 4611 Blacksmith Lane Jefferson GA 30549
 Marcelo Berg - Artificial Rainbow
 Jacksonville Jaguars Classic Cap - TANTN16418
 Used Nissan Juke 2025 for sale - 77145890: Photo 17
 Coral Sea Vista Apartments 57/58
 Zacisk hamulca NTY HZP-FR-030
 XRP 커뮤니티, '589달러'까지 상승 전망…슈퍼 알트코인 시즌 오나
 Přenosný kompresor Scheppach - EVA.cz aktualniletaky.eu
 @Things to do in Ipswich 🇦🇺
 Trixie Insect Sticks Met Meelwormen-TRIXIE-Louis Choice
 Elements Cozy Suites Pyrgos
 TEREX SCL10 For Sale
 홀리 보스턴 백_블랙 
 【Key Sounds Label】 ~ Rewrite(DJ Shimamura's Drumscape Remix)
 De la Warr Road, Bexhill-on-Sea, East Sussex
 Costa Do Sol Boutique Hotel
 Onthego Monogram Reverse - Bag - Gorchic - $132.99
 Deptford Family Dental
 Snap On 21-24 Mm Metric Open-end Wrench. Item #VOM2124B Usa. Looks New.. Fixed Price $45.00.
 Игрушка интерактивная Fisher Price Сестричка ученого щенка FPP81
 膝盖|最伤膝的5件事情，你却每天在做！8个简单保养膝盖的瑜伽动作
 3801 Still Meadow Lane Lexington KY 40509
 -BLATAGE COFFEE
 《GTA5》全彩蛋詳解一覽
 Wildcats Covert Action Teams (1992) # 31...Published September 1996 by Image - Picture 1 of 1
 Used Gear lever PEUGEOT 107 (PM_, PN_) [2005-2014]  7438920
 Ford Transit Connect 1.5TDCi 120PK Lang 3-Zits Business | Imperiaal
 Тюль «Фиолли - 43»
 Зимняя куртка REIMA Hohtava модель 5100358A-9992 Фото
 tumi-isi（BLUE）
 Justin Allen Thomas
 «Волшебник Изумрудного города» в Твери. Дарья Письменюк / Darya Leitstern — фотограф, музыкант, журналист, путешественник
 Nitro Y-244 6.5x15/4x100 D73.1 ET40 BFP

» TASK:
With the line that contains "Elements Cozy Suites Pyrgos" as the starting point, output each line exactly through the end of the listing above.

» RESULT BELOW:
 Elements Cozy Suites Pyrgos
 TEREX SCL10 For Sale
 홀리 보스턴 백_블랙 
 【Key Sounds Label】 ~ Rewrite(DJ Shimamura's Drumscape Remix)
 De la Warr Road, Bexhill-on-Sea, East Sussex
 Costa Do Sol Boutique Hotel
 Onthego Monogram Reverse - Bag - Gorchic - $132.99
 Deptford Family Dental
 Snap On 21-24 Mm Metric Open-end Wrench. Item #VOM2124B Usa. Looks New.. Fixed Price $45.00.
 Игрушка интерактивная Fisher Price Сестричка ученого щенка FPP81
 膝盖|最伤膝的5件事情，你却每天在做！8个简单保养膝盖的瑜伽动作
 3801 Still Meadow Lane Lexington KY 40509
 -BLATAGE COFFEE
 《GTA5》全彩蛋詳解一覽
 Wildcats Covert Action Teams (1992) # 31...Published September 1996 by Image - Picture 1 of 1
 Used Gear lever PEUGEOT 107 (PM_, PN_) [2005-2014]  7438920
 Ford Transit Connect 1.5TDCi 120PK Lang 3-Zits Business | Imperiaal
 Тюль «Фиолли - 43»
 Зимняя куртка REIMA Hohtava модель 5100358A-9992 Фото
 tumi-isi（BLUE）
 Justin Allen Thomas
 «Волшебник Изумрудного города» в Твери. Дарья Письменюк / Darya Leitstern — фотограф, музыкант, журналист, путешественник
 Nitro Y-244 6.5x15/4x100 D73.1 ET40 BFP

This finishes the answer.